An ambitious plan to shake-up everyday health services in Lanarkshire is to be piloted thanks to a £4.5 million boost.
The Primary Care Transformation programme aims to radically transform how services are accessed and delivered in the area over the next five to 10 years.
Its aim is for patients to get the right service as quickly as possible, with more same-day services and developing urgent care services.
It comes as the Scottish Government attempts to tackle recruitment issues and increased demand in primary care and make it more sustainable for the future.
An over-arching principle of the Lanarkshire plan will be creating multi-disciplinary teams made up of a variety of health care professionals meaning patients will only have to see a GP if they really need to.
It is hoped this approach will allow a “workload rebalance”, easing pressure on family doctors.
There will also be a strong focus on round-the-clock health care in the community through face-to-face meetings, telephone consultations or web services, reducing the need to go to hospital.
The £4.5 million grant, from the Scottish Government’s £85 million Primary Care Fund, will allow test sites to be set up in East Kilbride and Coatbridge in the coming weeks and months.
These sites, in GP surgeries, will bring together nurses, mental health professionals, pharmacists and physiotherapists to manage patient care.
Over the next nine months, officials will analyse what works best in the hope of rolling out the new way of working to other areas.

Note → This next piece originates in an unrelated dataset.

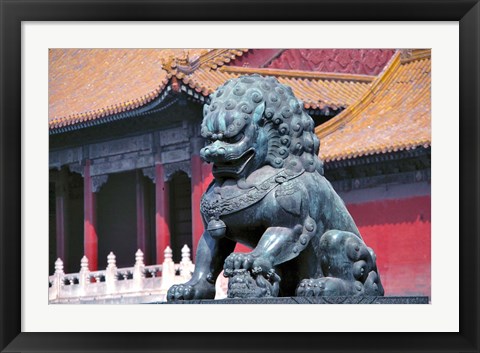 Framed China, Beijing, Lion statue guards Forbidden City Print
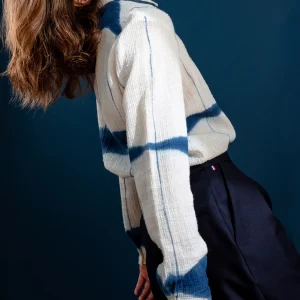 Chemise minuit* shibori-pinceaux-carreaux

Dr Chris Mackintosh, medical director, South Lanarkshire Health and Social Care Partnership said: “This programme brings together several key themes that will transform how patients access primary care services.
“Teams and specialist support will be in place so that you will see the right health care professional to meet your needs and will only have to see a GP if you really need to.
“This approach will allow us to provide more care in community settings.
“While the tests are being carried out in East Kilbride and Coatbridge initially, we will see the benefits being rolled out across Lanarkshire with the new GP contract in 2017 and the updated contract in 2020.”
One of these key themes will be the development of eHealth which will allow people to digitally manage their own care.
An example of how this could work in practice: a patient who may have had to call to book an appointment and then visit the surgery to see a GP could in future log on to a website to book an eConsultation.
The patient could also order repeat prescriptions, view results and send messages to staff on line.
However, NHS Lanarkshire said the specifics of how it will work are still being developed.
Craig Cunningham, head of health, South Lanarkshire Health and Social Care Partnership, said: “It is essential we develop new and creative ways to deliver services if we are to provide the best possible care and close the gap between those with the best opportunity for good health and those with the greatest health inequalities.
“This project is an exciting opportunity to meet this challenge in Lanarkshire by testing new ways of working that have the potential to transform how people access primary care services.
“We are delighted to be at the forefront of this work which will make the best use of our staff’s specialist skills to deliver improved care and outcomes for our patients.”
Health Secretary Shona Robison said: “Our £85 million Primary Care Fund is allowing us to work effectively with GPs to design services that are both fit for the future and meet the needs of the people of Scotland.
“The Lanarkshire test sites are at the forefront of the transformation – helping patients see the right person at the right time by bringing together a range of health professionals on one site.
“GPs play a central role in supporting people to live well within our communities.
“By developing multi-disciplinary teams we will help our GPs focus on the patients who would benefit from their assessment and ensure everyone sees a skilled professional as quickly as possible.”